Former Chowhound user Sampson Shen started the not-for-profit Hungry Onion in response to the redesign. It has seen an influx of users since the announcement of Chowhound’s closure. “I went into Chowhound looking for that in-depth knowledge. That’s what I think we’ll miss about Chowhound,” he says. “There isn’t really a great successor to replace it. I would like Hungry Onion to be that, but obviously it’s not operating on the same scale as during Chowhound’s golden age. At the same time, I don’t know if I really want it to be as big.” It’s a hobby, after all, a labor of love, run by a group of about 10 volunteers.

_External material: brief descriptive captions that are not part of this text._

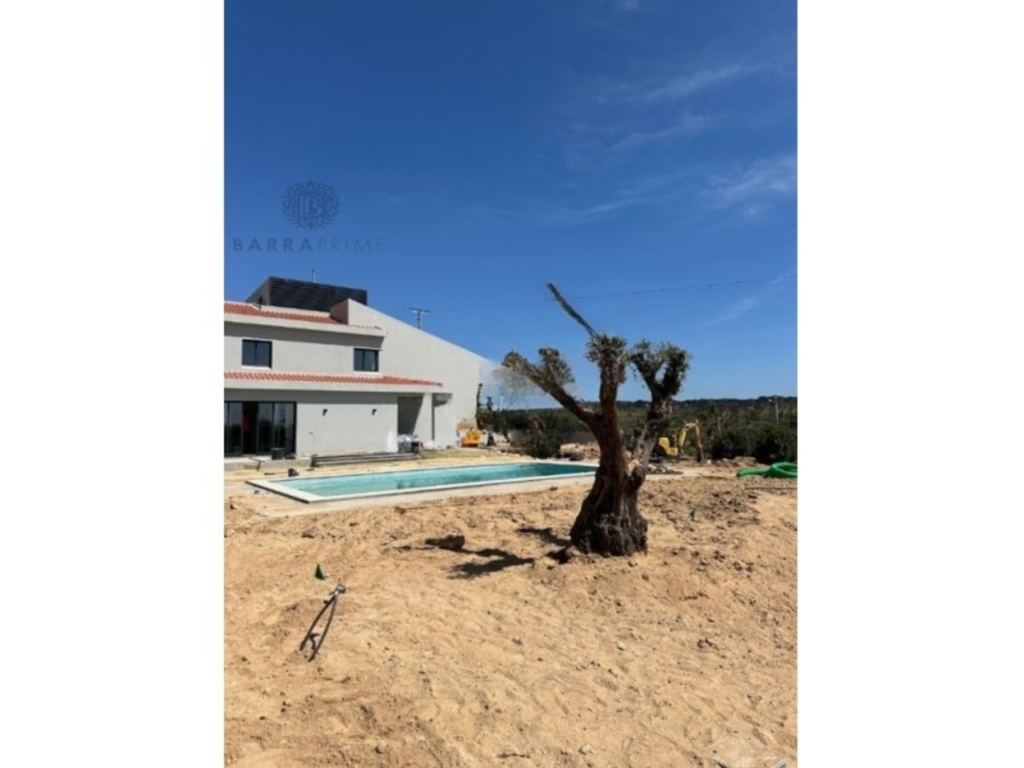 Quarteira 1 b92696ce98ef5d503c7d xlarge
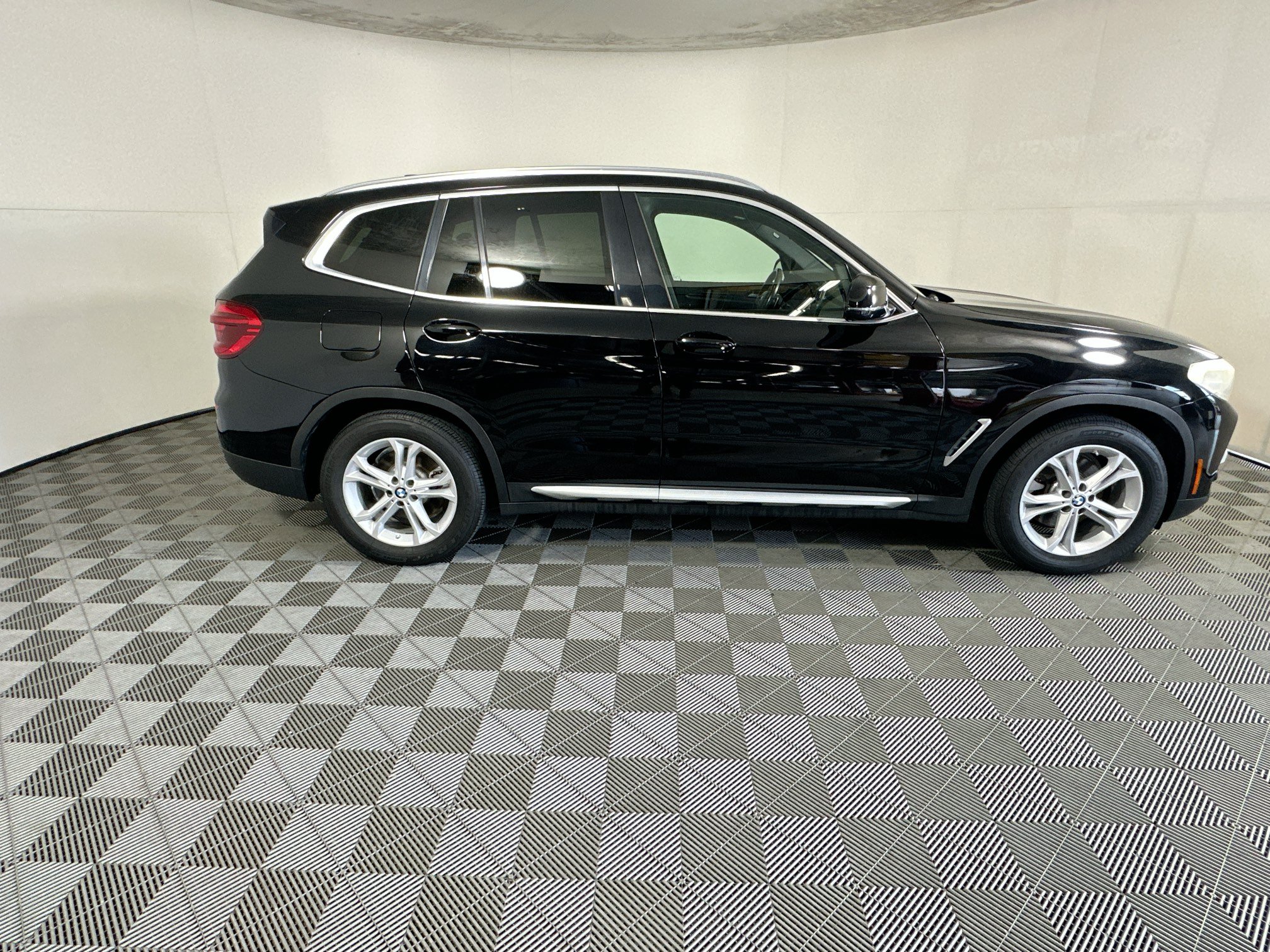 Used 2019 BMW X3 sDrive30i w/ Convenience Package RWD image 2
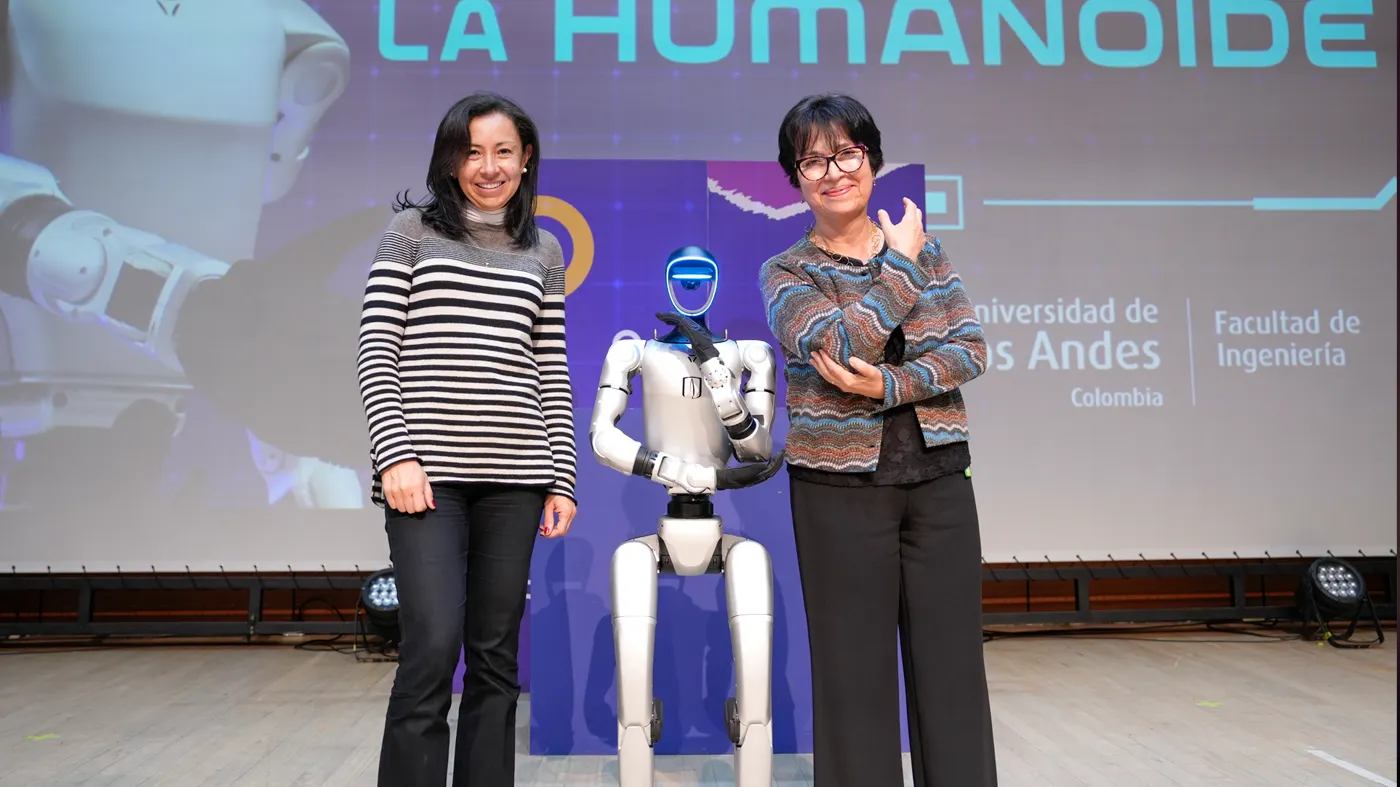 Raquel Bernal, rectora de la Universidad de los Andes, y Rubby Casallas, decana de la Facultad de Ingeniería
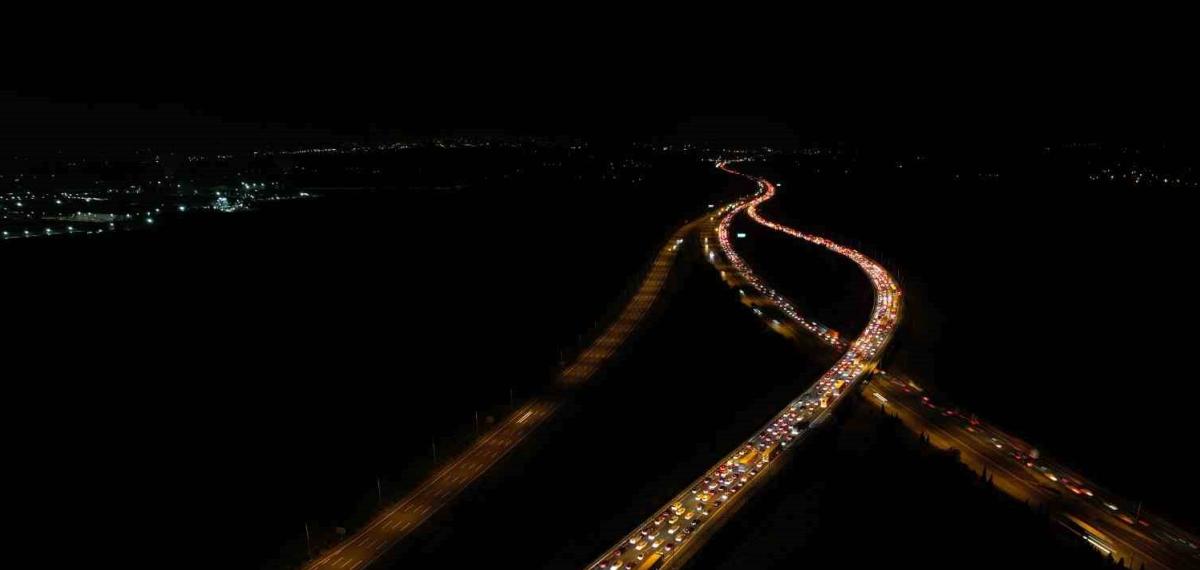 Bayram Göçü Başladı: Otoyolların Kesişim Noktasında Trafik Durdu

But the Chowhound spirit is far from dead, even as the website fades away. As that artifact of the early food Internet, it bridged the print and online eras, shepherding in the transition from fine dining to a more populist notion of what restaurant-going could and should be — what we wanted it to be. What we wanted, and want, it to be has been shaped by Chowhound’s boards, frequented by so many in its heyday, including the food writers who would influence the food writers and online influencers of today: They were all on Chowhound. When we talk about cultural appropriation, we are continuing an old Chowhound conversation about “authenticity.” When restaurant critics laud Chinese noodle joints or pho pop-ups or roadside taquerias, they are doing so because Chowhound helped blaze a trail of viability for these establishments.

And we eat at them with joy, because we are all Chowhounds now, in pursuit of optimal deliciousness.